また原子力と石炭火力のフェーズアウトは、不安定な太陽光と風力と高価な天然ガスの輸入への依存にドイツを押しやり、欧州一高い電気料金をもたらした。「この電気料金の高騰は社会的に正当化できないだけでなく、我々の経済・繁栄・社会の安寧を脅かしている」として、以下の改革をメルツ首相に要求している(要約):
電気料金は国際的に競争力ある水準にしなければならず、特に産業用電力料金は5¢/kWhが必要である。この産業用電気料金に求める水準は、政策的なCO2コストやその他の規制によって追加的に押し上げられることがあってはならない。
エネルギー多消費の生産拠点に対して、送配電料金、再エネ配電賦課金、電力インフラへの必要容量接続費用といった費用項目の、完全かつ恒久的な免除を求める。
産業がもっている自家発電への現状以上の負担増の回避を求める。
ドイツとEUが進める気候変動対策のこれ以上の早期導入を止める代わりに、世界すべての関連国が(われわれと)同等のコミットをすることの必要性に(政策を)明確にリンクさせることが必要。
輸出対策を含む効果的なCBAMの導入、迂回貿易の回避、実際の競争状況を踏まえた対象品目の拡大を通じて、産業をEU-ETSによる負担から守ること。
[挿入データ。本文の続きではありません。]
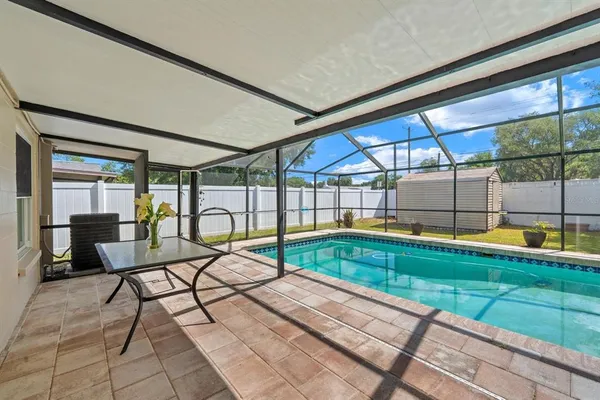 $400,677 | 2022 Rudder Drive, Valrico, FL 33594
貿易政策のアップグレードと近代化が必要(特に対中国でのアンチダンピング、アンチ補助金の仕組み)
現実的な技術・目標に基づいた水素戦略の抜本的な改定が必要。「先行グリーン市場」が短期的に形成されないという現実を鑑みて、水素に代わる競争力ある代替品を利用可能としていく必要がある。
CCUSを可能とするための、技術や産業に分け隔てしない国によるリスク補償(カバー)と、インフラ投資を含む投資促進的な政策パッケージの火急的な採択が必要。
火力発電所の休止のモラトリアム(休止の前に新たな安定容量が確保される必要がある)
むやみな太陽光、風力の拡大停止(送配電能力に整合した投資のみを認可)
同書簡ではメルツ首相に以上のような具体的な要求をした上で、「ドイツ政府の誤ったエネルギー・気候変動政策を正し、われわれのエネルギー供給を再び国際的に競争力あるものにする(make our energy supply internationally competitive again)」ことを要求している(トランプ大統領のMAGAのもじりか?)。